1. Justin Verlander, Detroit Tigers
Last year, Justin Verlander almost singlehandedly redefined the definition of domination. The right-handed fire-baller posted a league high 24 wins along with a stellar 2.40 ERA, scintillating 250 punch-outs, and a .92 WHIP, the lowest in the league. Major League Baseball rewarded Verlander handsomely for his accomplishments by handing him both the AL Cy Young and league MVP award. Verlander’s pitches often exceed 100 MPH, and he is able to accurately pinpoint all areas of the strike zone, keeping hitters constantly guessing. Thanks to the Tigers’ offensive potency and the recent addition of power bat Prince Fielder, Verlander has a very good chance of racking up an equally gaudy number of wins this season.
2. Roy Halladay, Philadelphia Phillies
In the world of professional baseball, Roy “Doc” Halladay is the very definition of a consummate professional.
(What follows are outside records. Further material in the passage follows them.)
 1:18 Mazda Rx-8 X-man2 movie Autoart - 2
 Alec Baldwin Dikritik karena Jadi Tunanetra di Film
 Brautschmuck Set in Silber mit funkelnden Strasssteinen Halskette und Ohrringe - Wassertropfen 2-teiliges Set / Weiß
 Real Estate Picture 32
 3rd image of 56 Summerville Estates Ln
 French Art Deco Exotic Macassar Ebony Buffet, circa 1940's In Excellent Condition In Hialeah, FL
The 6-foot-6, 230 pound two-time Cy Young winning pitching guru finished off the 2011 season with a 2.35 ERA, 220 strikeouts, and a 19-6 starting record. Doc’s dedication towards physical fitness along with his tireless work ethic has helped cement him as one of the most consistent and dominant hurlers in the game today. He stands fearlessly atop the mound and throws some of the nastiest stuff in the league.
3. Clayton Kershaw, Los Angeles Dodgers
Steady statistical progression indicated Clayton Kershaw was due for a huge 2011 campaign, and he did not disappoint. The 23-year old southpaw went 21-5 while posting a superb 2.28 ERA and fanning 248 batters on his way to winning the NL Cy Young Award and breaking Tim Lincecum’s stranglehold of dominance over NL hitters. Kershaw is young and his dynamic arsenal of pitches is lethal, especially his deadly curve ball, one of the game’s best. What makes his success that much more extraordinary is that he was able to pull out 21 wins with the weak Dodgers offense sputtering behind him. Kershaw is no fluke, he is here to stay, and gives Los Angeles a young stud pitcher to place their hopes and dreams upon.
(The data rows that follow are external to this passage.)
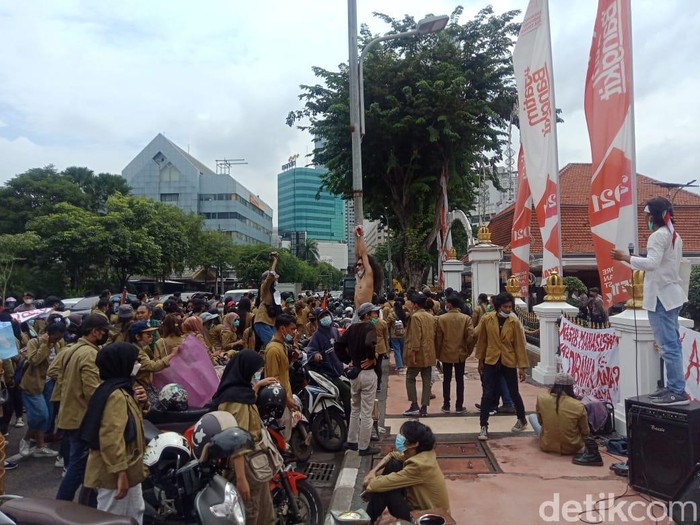 Ratusan mahasiswa dan dosen Sekolah Tinggi Kesenian Wilwatikta (STKW) Surabaya demo di depan Gedung Negara Grahadi, Kamis (8/4). Mereka menuntut Gubernur Jatim membubarkan yayasan di STKW.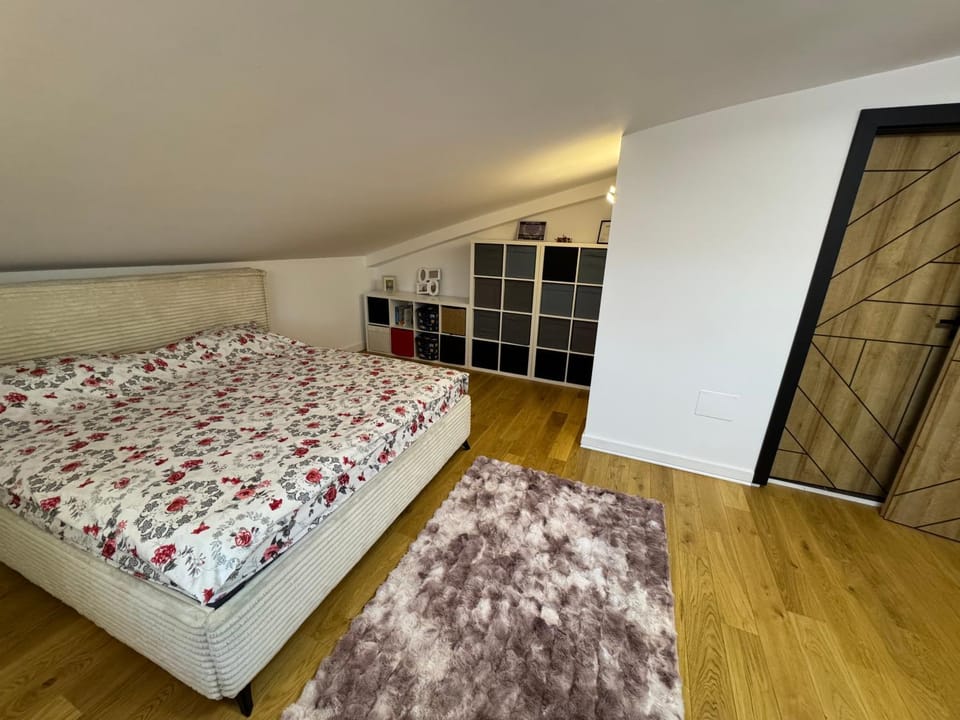 Casa Urbano Mall- Floresti Bed and Breakfast in Cluj County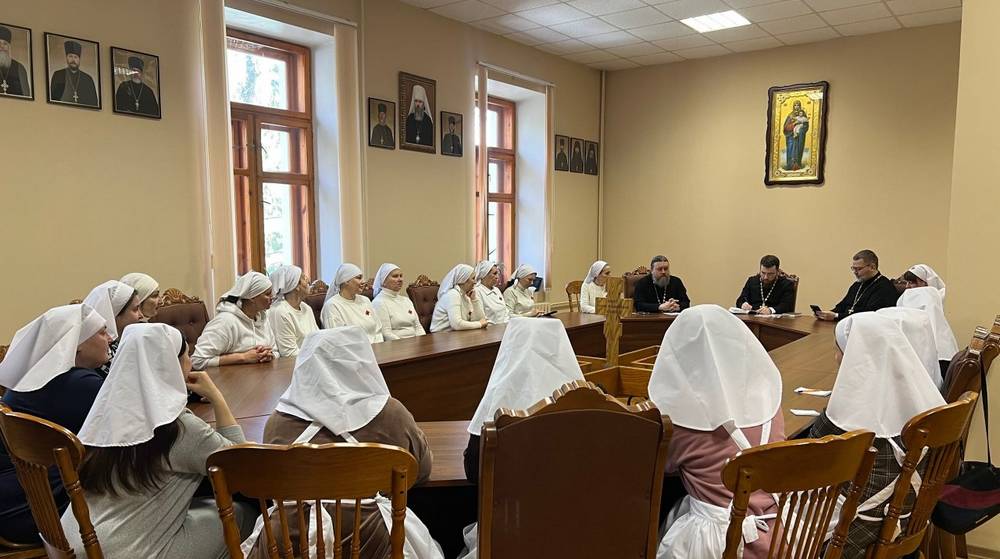 В Брянской епархии впервые состоялось общее собрание сестер милосердия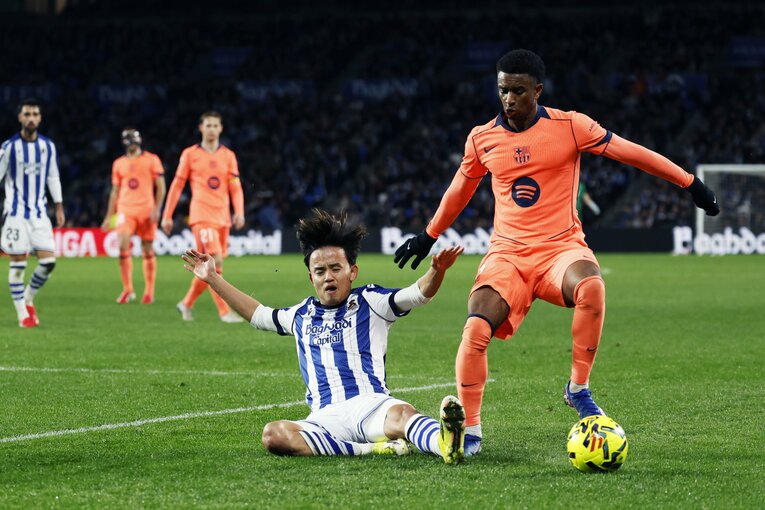 守備時のスプリント（写真は続きます）©Daisuke Nakashima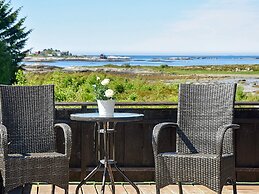 Holiday Home in Farstad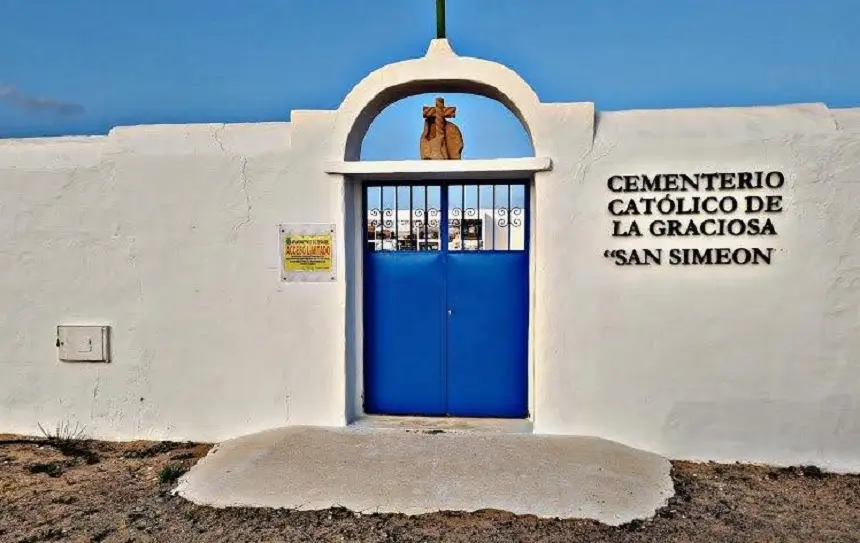 Imagen de la entrada al cementerio de La Graciosa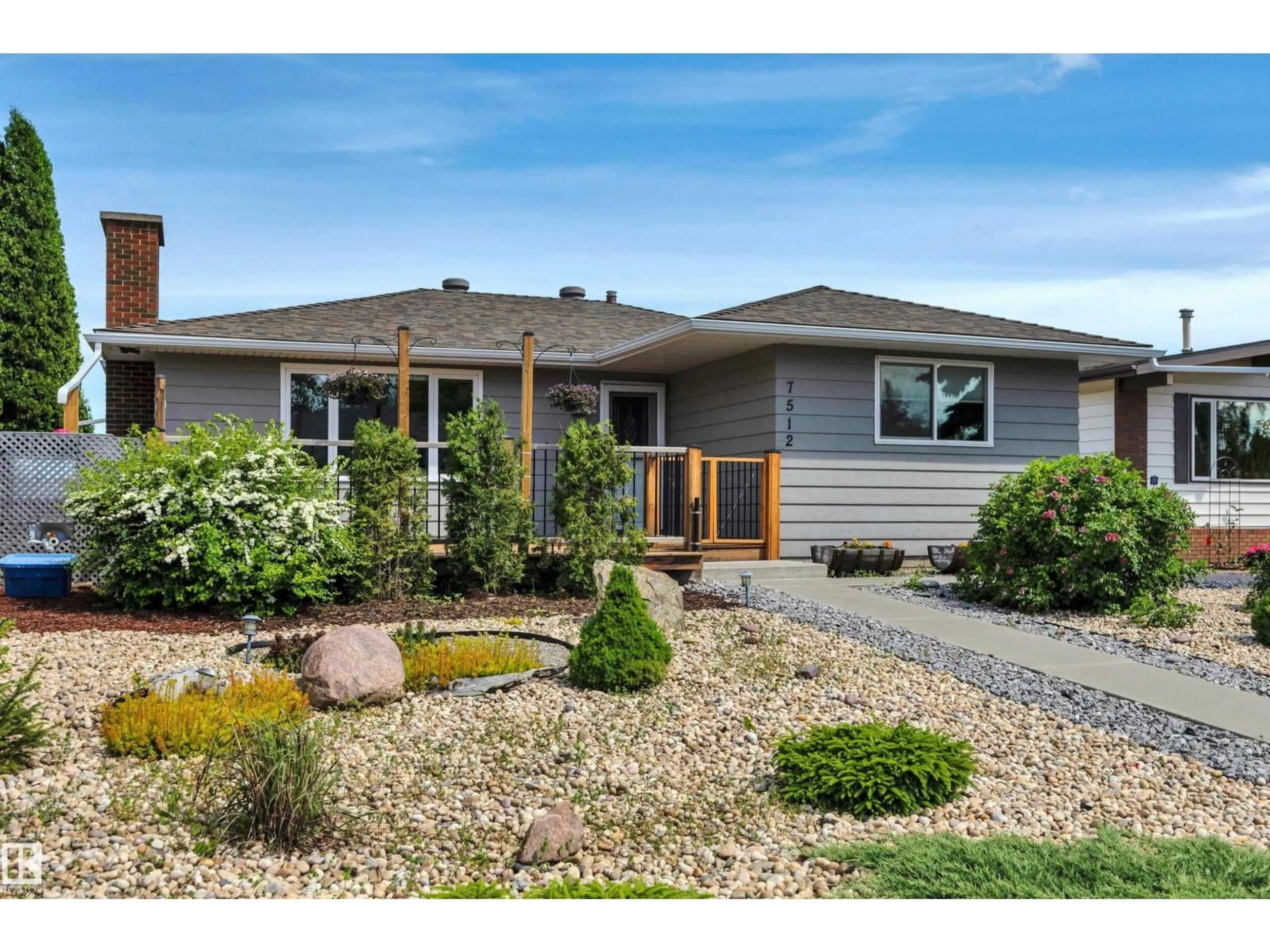 Home with vinyl exterior material, street for 7512 152A AV, Edmonton Alberta T5C2Z7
4. Cliff Lee, Philadelphia Phillies
Just because he is playing second fiddle to Roy Halladay in the Phillies’ pitching rotation doesn’t mean Cliff Lee is a pushover. The 6-foot-3, 190 pound veteran lefty hurler sports some of the best control and precision in the league, and is virtually immune from getting emotionally rattled. In 2011 Lee compiled a 2.40 ERA, striking out 238 while boasting a WHIP of 1.03, while going on to achieve a 17-8 record. His wide variety of pitches: 4-seam fastball, 2-seam fastball, slider, circle change, and knuckle curve cause nightmarish guessing problems for even the best hitters in the league. Expect him to continue to deliver some of the best pitching in baseball.
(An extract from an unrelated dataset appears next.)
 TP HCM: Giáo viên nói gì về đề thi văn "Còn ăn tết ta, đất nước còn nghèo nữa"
5. Tim Lincecum, San Francisco Giants
From a physical appearance standpoint, Tim Lincecum is a complete conundrum. He is lanky individual with long, wavy black hair who weighs no more than 175 pounds and stands slightly below six foot. But appearances can be incredibly deceiving, and no pitcher has done more to prove that theory then Lincecum. Ever since stepping into the league he has been a strikeout machine, his unorthodox delivery and potent pitching arsenal winning him back-to-back NL Cy Young Awards and helping the Giants to a World Series Championship in 2010. His split-changeup is absolutely filthy, and is infamously difficult to make contact with. Despite experiencing a career high 86 walks in 2011, Lincecum still managed to fan 220 batters and finish the regular season with a 2.74 ERA. His mediocre 13-14 record was due mostly to lackluster Giants’ bats, and while many have dubbed 2011 as a down year for Lincecum, it just shows how high the bar has been raised for him. Even in a “down year” Lincecum deserves to me mentioned amongst the league’s elite hurlers.